W.H. pushes back against GOP claims of obstruction in Biden inquiry

News: The White House is circulating a memo to Hill Democrats pushing back on Republican claims that the administration is refusing to cooperate with the House GOP impeachment inquiry into President Joe Biden.

In the messaging guidance, White House Oversight spokesperson Ian Sams accuses Republicans of “trying to invent claims of ‘obstruction’ and ‘stonewalling’ to rationalize their illegitimate so-called ‘impeachment inquiry.’”

The memo comes as House Republican investigators pitch their colleagues this morning on the necessity of formally voting to open an impeachment inquiry into Biden. House GOP leadership claims the vote is necessary to overcome the White House’s alleged refusal to turn over key documents.

The White House memo, however, argues that the administration has cooperated with congressional requests. Sams points out that multiple senior officials have testified as part of the Biden probe, including the unprecedented appearance of Special Counsel David Weiss during his ongoing investigation of the president’s son, Hunter Biden.

Republicans have also accessed “35,000 pages of private financial records,” “more than 2,000 pages of Treasury Department financial reports” and “thousands of Vice Presidential-era records released by the National Archives,” according to the White House.

“Despite receiving this significant volume of material, House Republicans have just failed to turn up any evidence of wrongdoing by President Biden — but plenty of evidence debunking their claims,” Sams writes.
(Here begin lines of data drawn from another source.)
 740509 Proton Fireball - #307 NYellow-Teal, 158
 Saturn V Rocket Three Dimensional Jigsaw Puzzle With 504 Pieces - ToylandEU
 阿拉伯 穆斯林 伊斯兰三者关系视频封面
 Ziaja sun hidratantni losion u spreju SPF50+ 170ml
The GOP argument: The Republicans leading the probe see the situation very differently.

“We need an impeachment inquiry because this administration continues to obstruct,” House Oversight Committee Chair James Comer (R-Ky.) told us. “They continue to refuse to turn over documents, tens of thousands of pseudonym emails.”
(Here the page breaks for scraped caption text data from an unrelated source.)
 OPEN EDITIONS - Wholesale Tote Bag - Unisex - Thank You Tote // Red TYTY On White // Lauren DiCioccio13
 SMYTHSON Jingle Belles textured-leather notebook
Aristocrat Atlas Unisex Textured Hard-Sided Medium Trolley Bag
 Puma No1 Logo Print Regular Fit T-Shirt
The Kentucky Republican is referring to emails possessed by the National Archives and Records Administration that were sent by pseudonym addresses used by then-Vice President Biden. Comer is also seeking emails between Biden and his family’s business entities while Biden was vice president.
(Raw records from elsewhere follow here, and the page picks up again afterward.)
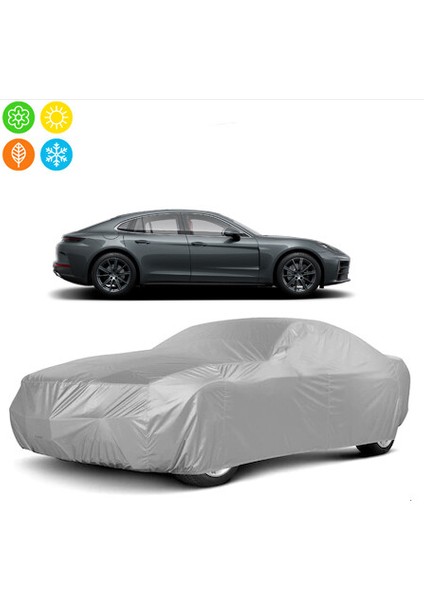 Porsche Panamera 4 Model Branda Araba Brandası Oto Branda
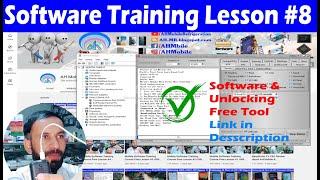 Mobile Software Training Course Free Lesson #8 Unlock and Software Free Tool Miracle by AH Mobile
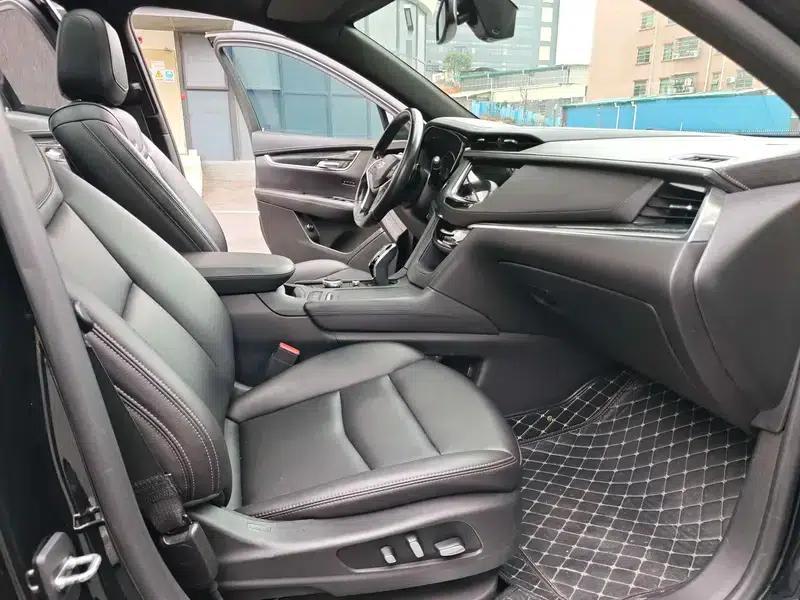 Cadillac XT5 2021 2.0T Mild Hybrid 2WD Luxury — миниатюра 12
Comer has recently subpoenaed scores of Biden family business associates and relatives as he attempts to gather more information on the Bidens’ financial dealings. Republicans are increasingly aware that some of these subpoenas — and future probes that could target the White House directly — may result in legal disputes.

Later today, chairs of the main committees conducting the inquiry — Comer, Jim Jordan (R-Ohio) and Jason Smith (R-Mo.) — will provide an update on their investigatory progress during the special GOP conference meeting.

The three GOP chairs will argue that voting to establish an inquiry will strengthen the House’s legal position in enforcing key subpoenas. A vote by the full House would cut off a line of argument from potential witnesses that the GOP probe isn’t legitimate, Republicans said.

As we scooped on Wednesday, House Majority Whip Tom Emmer told his colleagues to expect to vote on establishing the impeachment inquiry in the coming weeks.

In our Thursday AM edition, we reported that many of the most vulnerable House Republicans are ready to vote to officially open the impeachment inquiry. That’s a good sign that if the measure is brought to the floor, it will likely pass, even with Republicans’ thin majority.

While House Republicans have uncovered plenty of new information about Biden family business dealings, there still isn’t any direct evidence of wrongdoing by the president.